YouTube Creator Liaison, Matt Koval, spoke with the company’s trust and safety team to get the facts on what happens to videos that are repeatedly flagged.
Flagging refers to reporting a video for violating YouTube’s community guidelines.
When people watch videos on YouTube, one of the things they can do is flag it by clicking on the three-dot menu icon and clicking “Report.”
Users are then asked to indicate the reason they’re reporting the video by selecting from one of the choices in the example below.
It’s all anonymous and any video that gets flagged gets looked at for violations.
Flags don’t impact the outcome of a video’s policy assessment. If a video gets one flag, or one thousand flags, it still goes through the same review process.
It’s possible that a video with thousands of flags will be scrutinized more than a video with fewer flags, but it will nevertheless get assessed by YouTube’s content review team.
There’s no system in place on YouTube that will cause a video to get taken down for being reported X-number of times.
If a video is found to be in violation of YouTube’s guidelines, then action is taken as swiftly as possible.
Possible actions YouTube can take include age-gating the video, removing it entirely, or even terminating the whole channel that published the video.
The fact that all reported videos get assessed by YouTube’s review team is a good thing for creators because it prevents videos from getting taken down for the wrong reason.
Many times viewers will flag a video not because it breaks a policy, but because they simply don’t like the video.
Sometimes a video accumulates a lot of flags as a result of what the YouTube team calls “brigading.”
Brigading means a large group of people have ganged up on a video in an attempt to take it down even though it doesn’t violate a policy.
Can brigading cause a video to get taken down? YouTube says, emphatically, no.
All videos are evaluated under the same policies no matter how many flags they have. That’s done to make sure there is no malicious or unfair treatment of someone’s content.

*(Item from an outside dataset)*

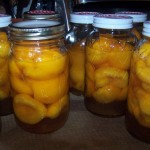 canning peaches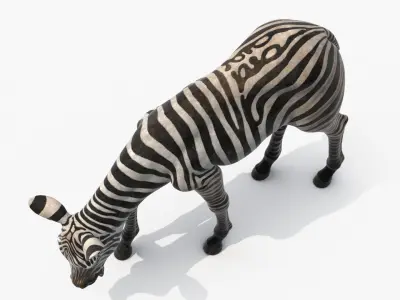  Plains Zebra Foal Eating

The final call on whether to take action on a video is left to YouTube, who has teams in multiple languages evaluating reported videos 24 hours a day, 365 days a year, in time zones around the world.
If the team encounters borderline content where it’s tough to make a call, the video will move up the chain of command until a final decision is made.
YouTube creators can rest easy knowing if an angry mob reports a video because they don’t like the content, it will not get removed unless it’s genuinely in violation of company guidelines.